4/10/2010 9:22:15 PM

Religion and Science

By Albert Einstein

(The following article by Albert Einstein appeared in the New York Times Magazine on November 9, 1930 pp 1-4. It has been reprinted in Ideas and Opinions, Crown Publishers, Inc. 1954, pp 36 - 40. It also appears in Einstein's book The World as I See It, Philosophical Library, New York, 1949, pp. 24 - 28.)
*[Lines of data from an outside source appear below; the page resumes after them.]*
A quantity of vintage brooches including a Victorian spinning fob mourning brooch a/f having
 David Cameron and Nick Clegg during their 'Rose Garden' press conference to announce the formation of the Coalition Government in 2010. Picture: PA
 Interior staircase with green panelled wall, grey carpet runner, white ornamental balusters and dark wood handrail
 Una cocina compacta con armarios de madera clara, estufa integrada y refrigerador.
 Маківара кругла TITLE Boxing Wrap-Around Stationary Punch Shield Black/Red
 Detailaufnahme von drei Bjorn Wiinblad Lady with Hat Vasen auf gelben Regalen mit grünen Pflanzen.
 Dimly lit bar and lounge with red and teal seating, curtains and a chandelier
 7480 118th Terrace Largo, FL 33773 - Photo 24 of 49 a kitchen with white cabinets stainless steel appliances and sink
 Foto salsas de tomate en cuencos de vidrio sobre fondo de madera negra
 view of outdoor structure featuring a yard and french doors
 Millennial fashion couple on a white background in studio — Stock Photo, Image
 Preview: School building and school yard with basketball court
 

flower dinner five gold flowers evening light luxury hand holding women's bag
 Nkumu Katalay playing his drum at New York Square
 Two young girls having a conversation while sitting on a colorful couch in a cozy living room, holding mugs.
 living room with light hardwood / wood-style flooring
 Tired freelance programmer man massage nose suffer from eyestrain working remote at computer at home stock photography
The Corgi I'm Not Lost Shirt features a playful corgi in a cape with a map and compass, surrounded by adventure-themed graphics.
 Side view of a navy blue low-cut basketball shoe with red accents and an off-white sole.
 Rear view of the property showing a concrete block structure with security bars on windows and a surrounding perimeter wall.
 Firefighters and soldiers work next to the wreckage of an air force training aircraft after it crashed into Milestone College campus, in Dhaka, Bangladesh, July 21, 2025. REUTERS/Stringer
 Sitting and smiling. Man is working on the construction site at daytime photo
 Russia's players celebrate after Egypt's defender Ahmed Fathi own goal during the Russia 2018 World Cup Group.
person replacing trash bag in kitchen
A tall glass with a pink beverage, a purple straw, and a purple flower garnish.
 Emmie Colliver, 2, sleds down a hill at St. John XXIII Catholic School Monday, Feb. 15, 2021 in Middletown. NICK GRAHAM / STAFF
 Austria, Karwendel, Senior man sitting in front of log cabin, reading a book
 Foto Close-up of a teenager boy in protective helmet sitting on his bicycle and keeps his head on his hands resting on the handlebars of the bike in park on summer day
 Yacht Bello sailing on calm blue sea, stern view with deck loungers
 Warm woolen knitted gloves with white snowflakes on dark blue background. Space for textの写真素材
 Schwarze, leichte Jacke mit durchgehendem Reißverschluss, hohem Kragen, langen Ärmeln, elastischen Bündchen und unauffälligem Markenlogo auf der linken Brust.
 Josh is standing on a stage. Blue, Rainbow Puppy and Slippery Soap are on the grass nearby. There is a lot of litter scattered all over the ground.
Everything that the human race has done and thought is concerned with the satisfaction of deeply felt needs and the assuagement of pain. One has to keep this constantly in mind if one wishes to understand spiritual movements and their development. Feeling and longing are the motive force behind all human endeavor and human creation, in however exalted a guise the latter may present themselves to us. Now what are the feelings and needs that have led men to religious thought and belief in the widest sense of the words? A little consideration will suffice to show us that the most varying emotions preside over the birth of religious thought and experience. With primitive man it is above all fear that evokes religious notions - fear of hunger, wild beasts, sickness, death. Since at this stage of existence understanding of causal connections is usually poorly developed, the human mind creates illusory beings more or less analogous to itself on whose wills and actions these fearful happenings depend. Thus one tries to secure the favor of these beings by carrying out actions and offering sacrifices which, according to the tradition handed down from generation to generation, propitiate them or make them well disposed toward a mortal. In this sense I am speaking of a religion of fear. This, though not created, is in an important degree stabilized by the formation of a special priestly caste which sets itself up as a mediator between the people and the beings they fear, and erects a hegemony on this basis. In many cases a leader or ruler or a privileged class whose position rests on other factors combines priestly functions with its secular authority in order to make the latter more secure; or the political rulers and the priestly caste make common cause in their own interests.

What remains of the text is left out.